##### RECORD EXCERPTS

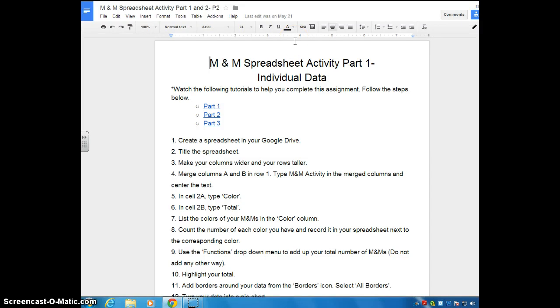This is the screencast tutorial for the M&M spreadsheet activity part one. This activity has three parts to it, so this is just the tutorial for part one.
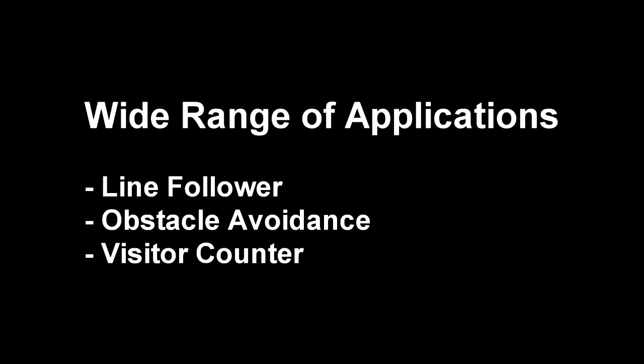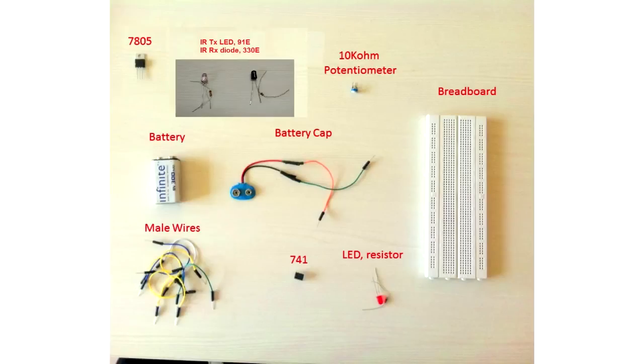The sensor circuit is very simple, so let's get right into it. You will need the following components for this circuit.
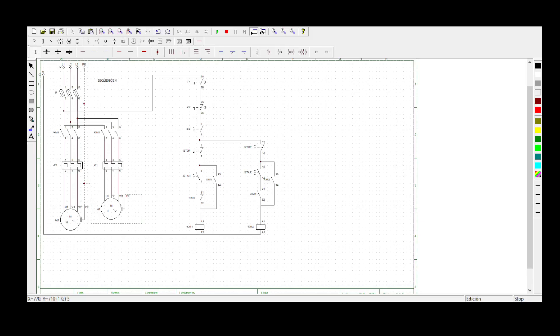Hey guys, welcome to Collageneted Engineering with Mungani Kumede. So today we'll be doing Sequence 4. Let me read the statement for you.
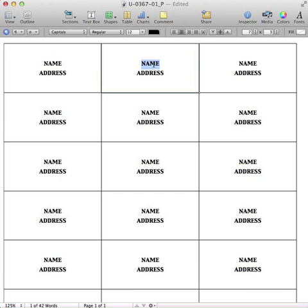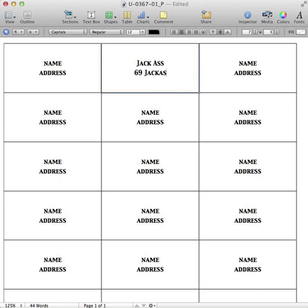You're golden. So type in, you know, Jack Ass, and his address is 69 Jack Ass Street, whatever.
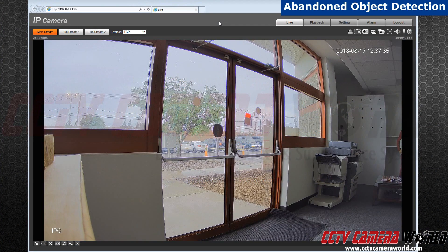Hello everyone. Today I will show you how to set up the abandoned object detection alarm on your security camera.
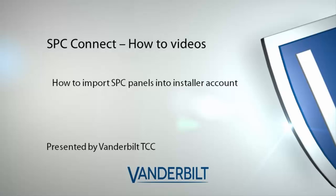The export import function allows the installer to migrate all existing SPC panels from the system user account to a new installer account. This cuts down on time greatly as the export takes all panels from one account to another.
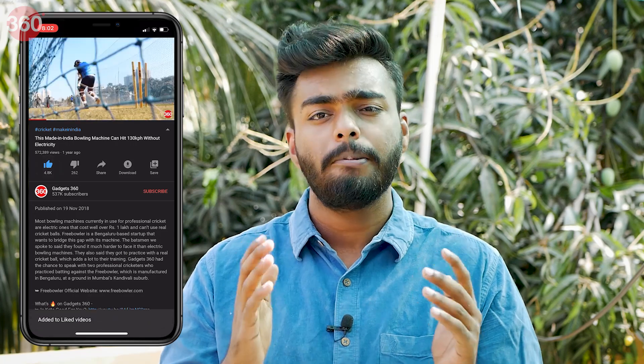Before we begin, please consider subscribing to our channel and hitting that bell icon so that you do not miss out on any of our latest videos. Hello everyone, this is Robin here from Galaxy 360, and without any further delay, let's jump right into Premiere Pro and sort this thing out.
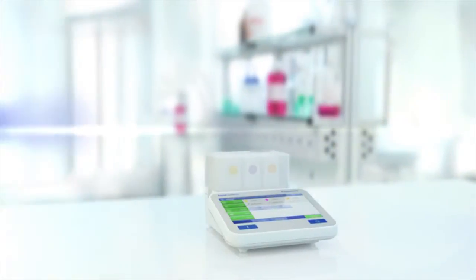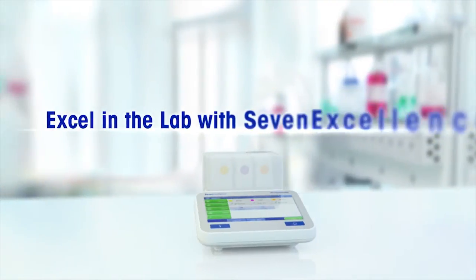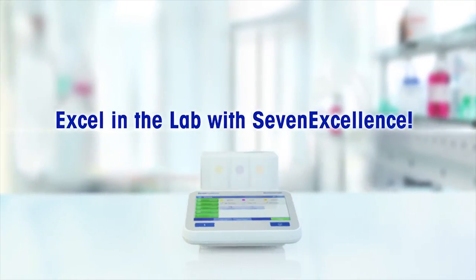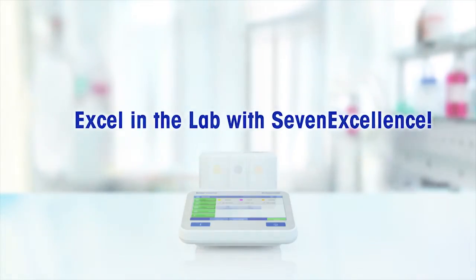Enjoy unmatched pH performance and excel in the lab with 7-Excellence.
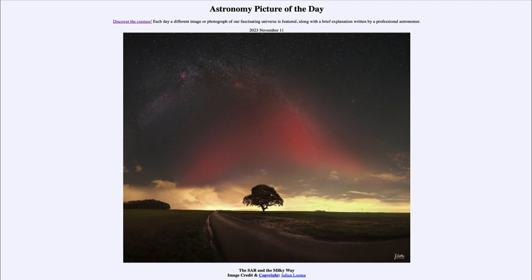The other thing we see is that reddish glow, and that red is called a Stable Auroral Red Arc, or SAR. This is actually a relatively rare thing to be able to see, and is related to the aurora. From studies that have been done looking at this phenomenon, what we've found is that it seems to be related to currents within Earth's magnetosphere, which causes the heating of the upper atmosphere and the emission up above.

##########

◆ WORK REQUEST: Return, exactly as they stand, the lines above from the one with "The sensor circuit" to the one with "Hey guys, welcome", omitting any pictures among them.

◆ EXPECTED ANSWER:
The sensor circuit is very simple, so let's get right into it. You will need the following components for this circuit.
Hey guys, welcome to Collageneted Engineering with Mungani Kumede. So today we'll be doing Sequence 4. Let me read the statement for you.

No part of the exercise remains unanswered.